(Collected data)

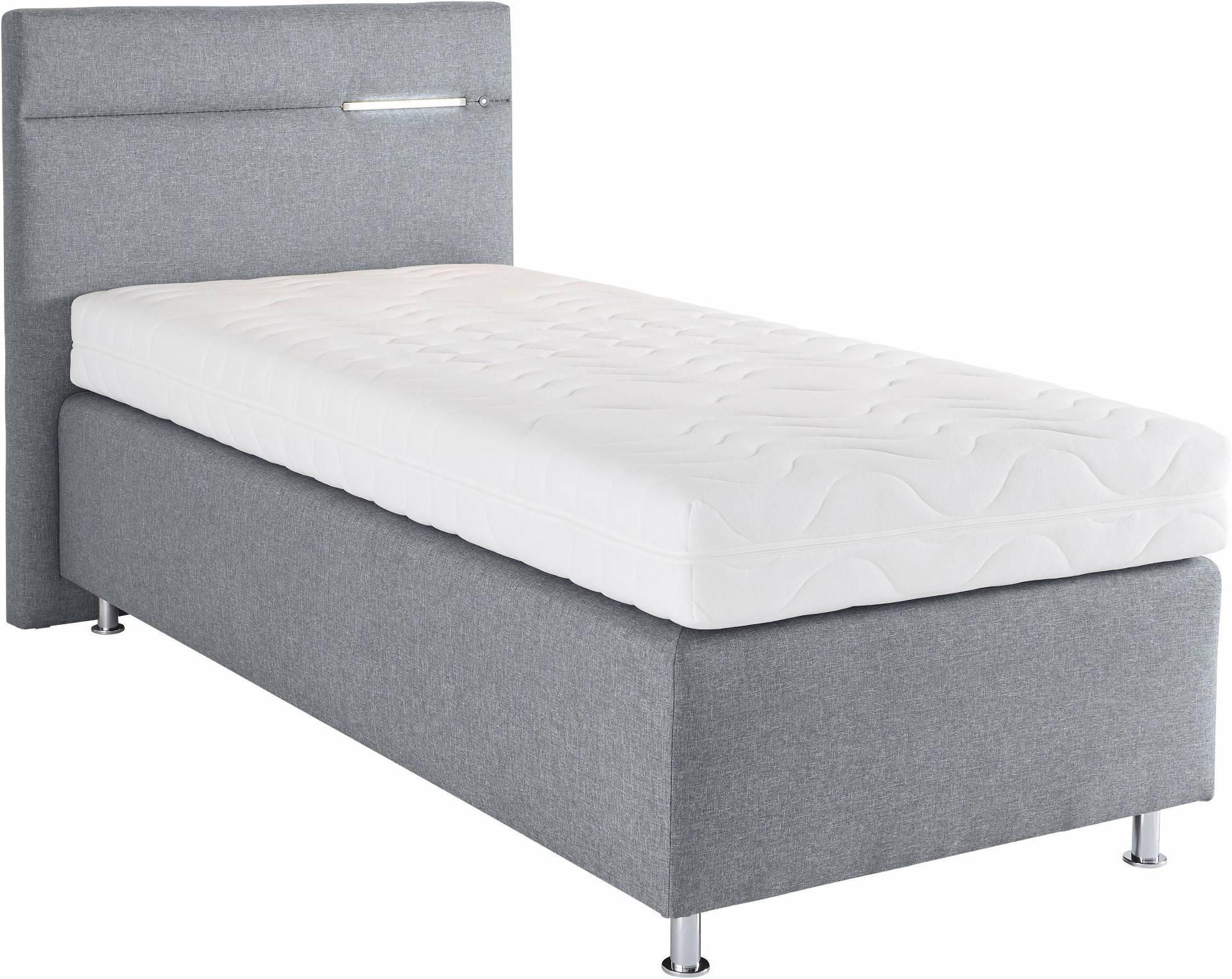 Westfalia Schlafkomfort Boxspringbett, wahlweise mit LED-Beleuchtung von Westfalia Schlafkomfort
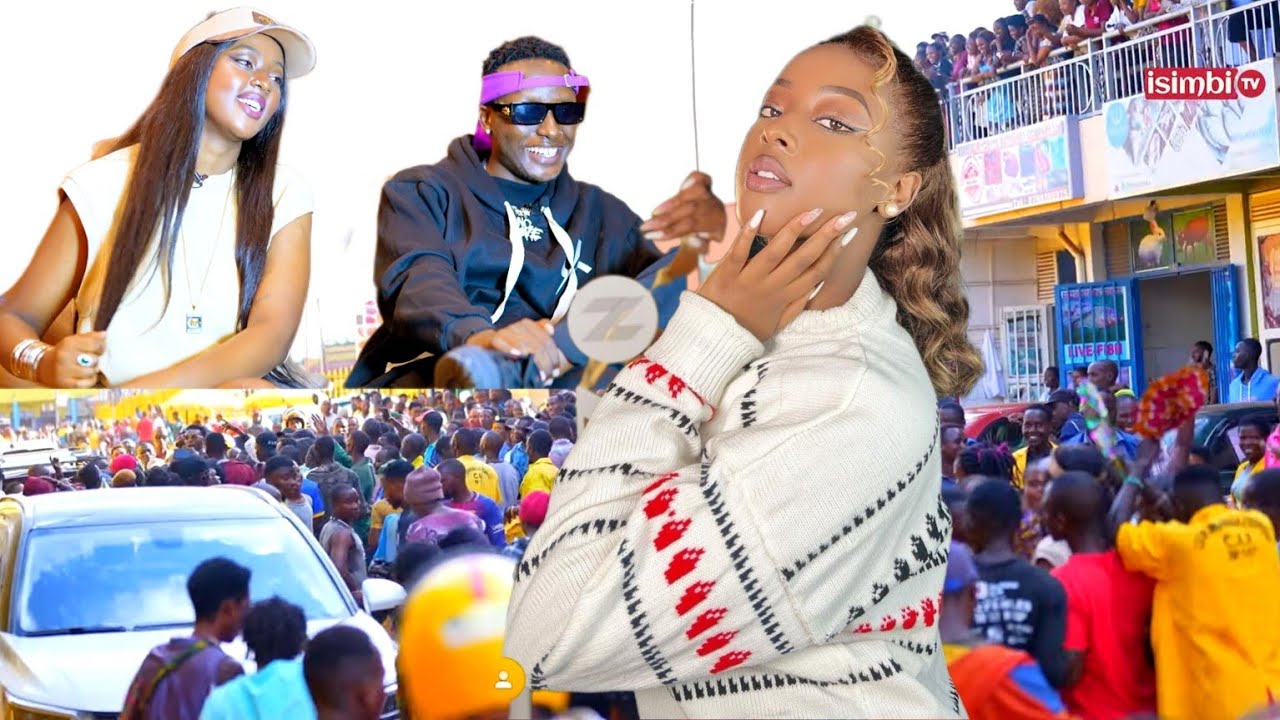 BAFUNZE IMIHANDA KUBERA MISS CADETTE NA DAVIS D|BATANZE AMAFARANGA MENSHI KU BAFANA BABO|ISIMBI TV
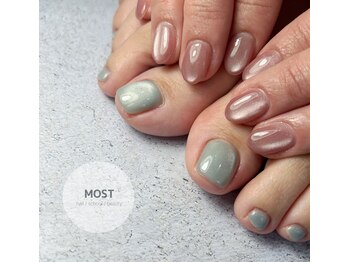 モストネイル 五日市店(MOST nail)/スモーキーマグネット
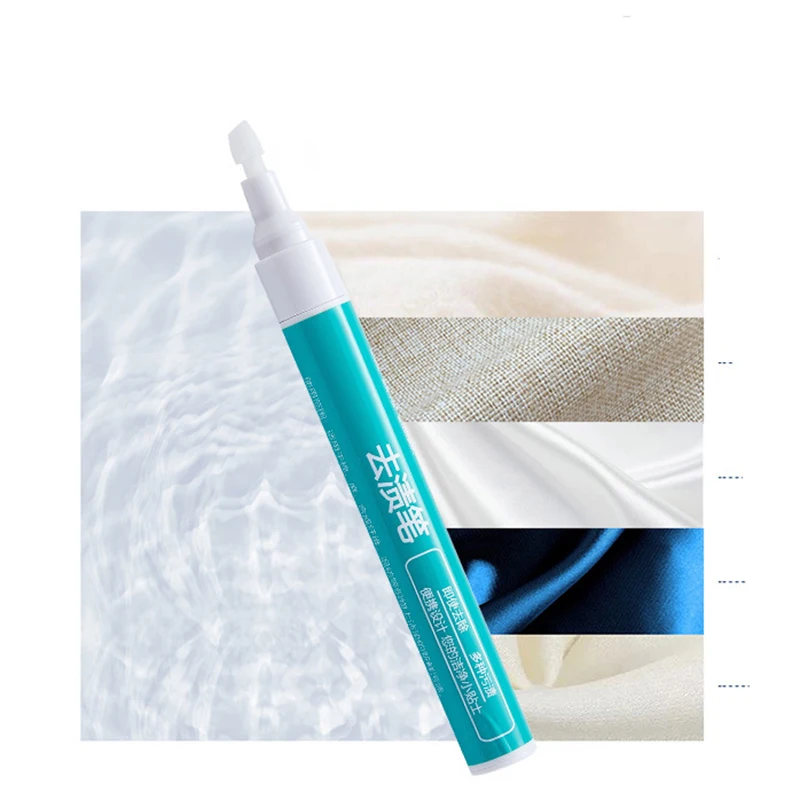Portable Clothes Stain Remover Pen Clothes Bleach Pen Laundry Stain Remover Spot Remover Pen For Coffee Food Oil Tea Stains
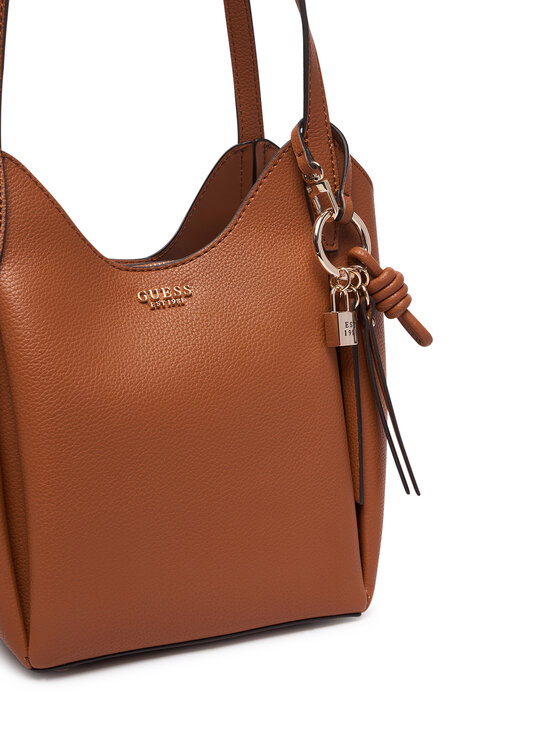 Guess Guess Táska HWBG97 35030 Világosbarna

**What the exercise asks:** Starting with the line that contains "モストネイル 五日市店(MOST nail)/スモーキーマグネット", repeat each line exactly through the last line of the data above, and nothing more; the pictures stay out.

**Answer for the task:**
 モストネイル 五日市店(MOST nail)/スモーキーマグネット
Portable Clothes Stain Remover Pen Clothes Bleach Pen Laundry Stain Remover Spot Remover Pen For Coffee Food Oil Tea Stains
 Guess Guess Táska HWBG97 35030 Világosbarna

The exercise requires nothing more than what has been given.